When Passover begins at sundown April 14, Seder plates will be prepared with maror and chazeret, charoset, karpas, zeroa, and beitzah—bitter herbs, a fruit-and-nut paste, parsley, a lamb bone, and a boiled egg. On a separate plate will be three pieces of matzo, probably the only one of the ancient foodstuffs recognizable by non-Jews. The unleavened cracker symbolizes the swiftness with which Jews fled Egypt: There was not even time for their bread to rise.

Matzo may seem like a simple cracker but it’s complicated by the dictates of kosher law. Among other rules, matzo dough must not be allowed to sit, lest it rise. So the entire process, from mixing through baking, has to take place within 18 minutes. Before the 19th century, matzo was made in synagogues with ovens built specifically for that purpose; after the mid-19th century, independent bakers took over the business, and machines were developed to make the preparation more efficient. But some Jews felt the new methods were not in line with kosher law. So for many of the faithful, proper matzo remained a local luxury only the wealthy could afford.

That changed a century ago, when Rabbi Dov Behr Manischewitz started baking matzo in Cincinnati. The Lithuanian immigrant’s drive led him to invent and patent a baking machine that created a matzo empire. Manischewitz matzo, cut and baked in uniform squares and packaged in shippable boxes, helped transform matzo into an essential staple for the common Jew.

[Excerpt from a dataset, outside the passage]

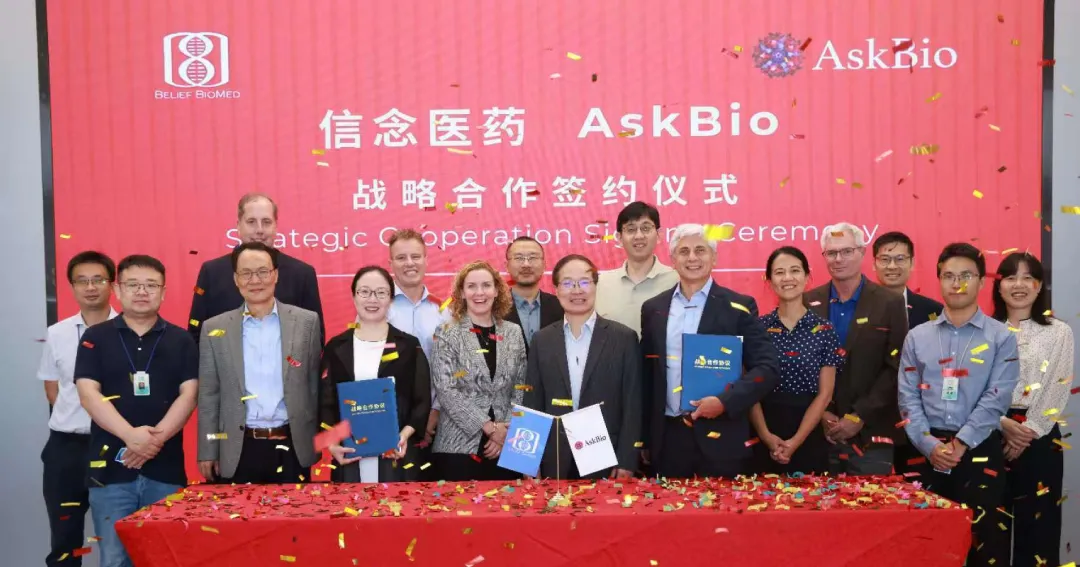 日韩欧美一区二区三区免费观看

Like Ivory soap, pro baseball, and the Filet-O-Fish sandwich, it became an icon of Cincinnati ingenuity—though these days little remains of the family’s legacy in the city where it was created.


Family lore has it that Behr Manischewitz came to the Queen City in 1885 with his wife, Nesha, and their three small children to serve as a kosher butcher for a group of Orthodox Jews from his hometown in Lithuania who had already settled here. By the late 1800s, Cincinnati was already the center of Reform Judaism and home to a large number of German Jews. But the last quarter of the century saw an influx of immigrants like Behr and his wife—poor Eastern Europeans Jews who tended to be more conservative and less intent on assimilation. They spoke Yiddish and established their own synagogues, schools, and social clubs in their new home. Indeed, within two years of his arrival, Behr helped start the Cincinnati Talmud Torah Society, an Orthodox school for poor Jewish children.

The family (which eventually grew to include eight children) settled in the tenement-crammed West End, the center of the local Jewish community at the time, and Behr set about providing services that his community needed. As a shochet, or ritual slaughterer, he would have been responsible for preparing cattle and sheep for consumption. He wrote to his parents in Lithuania in April 1887 that he and Nesha “spent Pesach very pleasantly, even though, with my small children, it was hard to do without chametz.Chametz refers to any foods made with leavened grains that are forbidden during Passover. Behr saw an opportunity in this, and the next year he started baking matzo.

By 1889, advertisements for Manischewitz matzos were appearing in the American Israelite newspaper, proudly offering “the Kosherest and Finest Matzos, Matzos meal, all kind of fresh and smoked meats, tongues and sausages, Pesachdig wines, etc.” Three years later, the Manischewitz ad boasted of “new Matzos machines whereby this year’s Matzos will be most beautiful to behold and most palatable to the taste.” In 1899, he bought the rival Bing matzo bakery just down the street from his own operation and announced the purchase in another rather magisterial ad: “B. Manischewitz, the Matzos Baker, well known for his make of excellent matzos, matzo and potato meal, during the past 10 years, begs to inform the public that he has purchased Mr. Bing’s bakery. Improvements on machinery have this year been made of such a nature as positively to surpass anything of its kind in this country.”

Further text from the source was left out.